在空中,一把匕首被槍彈狠狠切開了兩半,連阻礙都沒有發生,急速的魔彈沒入了黑暗之中。
撕裂肉體的聲音與慘叫聲同時響起。
“啊……不要debunk(揭穿)他們啊……”
天馬歎了口氣道。
一邊說著,他的手中多出了一張卡片。
“引起他們的alert(警惕)不就不好了麽,我好不容易布置的trick(陷阱)啊……”
「魔力吸收球體」。
曾經和「六芒星之咒縛」配合著,差點就讓羅德-艾爾梅洛伊飲恨的卡片。
這張卡牌之中加上的魔術只不過是魔力吸取而已,本身是不具備什麽攻擊力的。
但是,這是建立在「對方是人」的前提下。
作為降臨於世的Servant,本身都是由魔力構成的身體,那麽被人吸取魔力,就等同於是被吸取了生命力。
這個儲水槽不知什麽時候已經變為了戰場。
被霧切這一槍崩倒的敵人臉上,戴著白色骷髏面具。
Assassin。
“哼……”
習慣性地捏了捏帽簷,在空條承子的身後騰起的是名為「白金之星」的人影,並且向前走了幾步,將霧切和天馬都護在身後。
仿佛與護著兩人的承子對峙一般,黑暗中浮現出幽靈般的兩張骷髏面具。
“果然出現了……也就是說,Assassin其實一直都掌握著Caster的行蹤,甚至掌握著Caster的生死嗎?”
“不……他們是跟著我們進來的。

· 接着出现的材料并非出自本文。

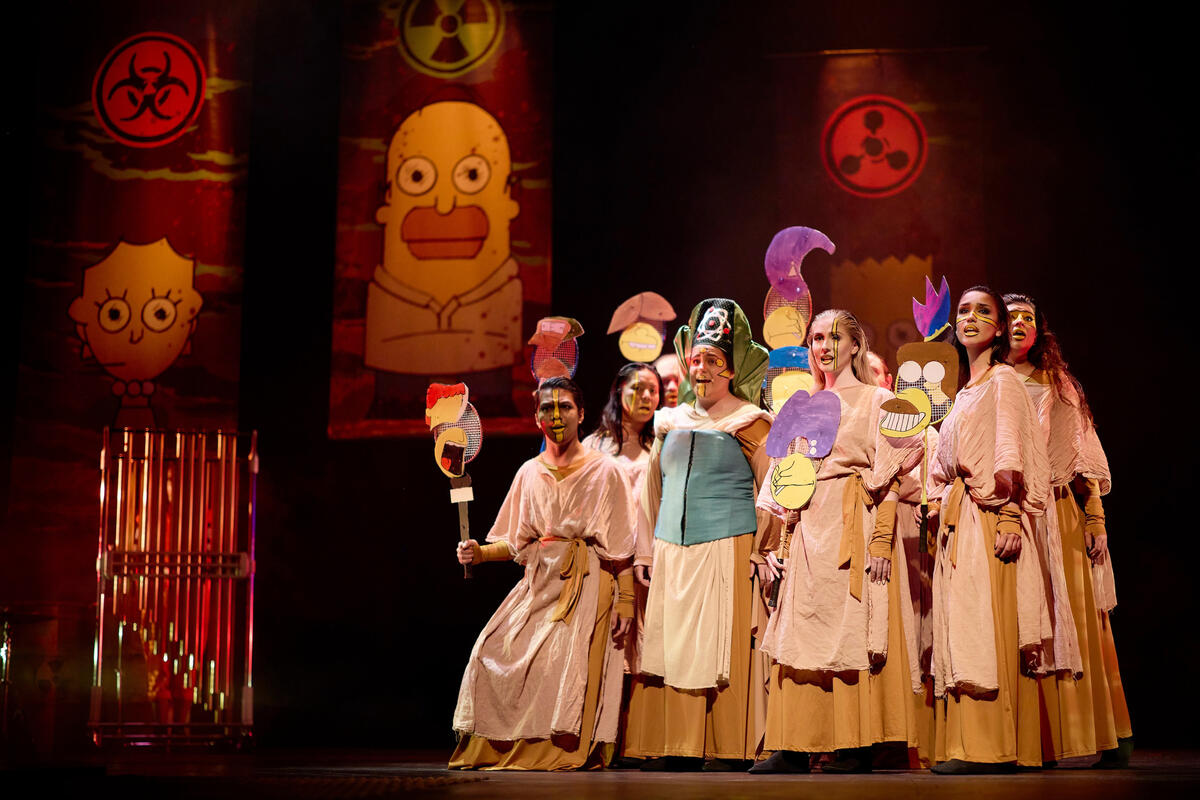 Group image of the Mr. Burns play on stage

”
霧切搖了搖頭。
“雖然無法判斷他們是已經知道了Caster的位置還是跟著我們找到了Caster的據點,但是他們很顯然是沒有進入過這個空間內部的,所以才讓我們先進來了……如果不然的話,大可直接殺掉Caster,這樣一來計劃什麽的也比較好實行。”
因為殺死Caster的是教會一邊的Assassin,所以教會完全可以不分黑白地說這是Archer的功勞,然後將令咒交給遠阪時臣。
他們之所以沒有殺死Caster,就是因為不敢擅自進入魔術師的英靈所建立起來的工房。
毫無滯礙的分析推理,讓Assassin們咬牙切齒。
事實上,事情發展至此,對他們Assassin來說是無可辯駁的失敗。
原本被派來監視Caster以及其Master龍之介的,除了之前一去不回的兩名Assassin,還有在工房外巡視的這三人。
如果可能的話他們本也想偷偷進入工房,但因為不知道工房中究竟是怎麽回事所以不可不小心。
而這時,突然間出現的三人組居然就這樣毫不在意地從正面發起了突襲,三人認為這是絕妙機會,於是跟著他們一路追蹤至此,想要探明這個工房的防禦狀況。
不過,他們沒想到的是,Crusader組居然如此輕易就打入了內部,也就是說Assassin們侵入了Caster的老巢。
其中一人頓時感覺良好,在面對毫無防備的三人時被功利熏昏了頭腦。
當然,這不是他們的Master綺禮所下的命令。但是即使如此,如果能在這裡順利排除掉似乎很麻煩的Crusader,綺禮必定不會責備自己。這種想法對Assassin而言是種右或(錯字防和諧)。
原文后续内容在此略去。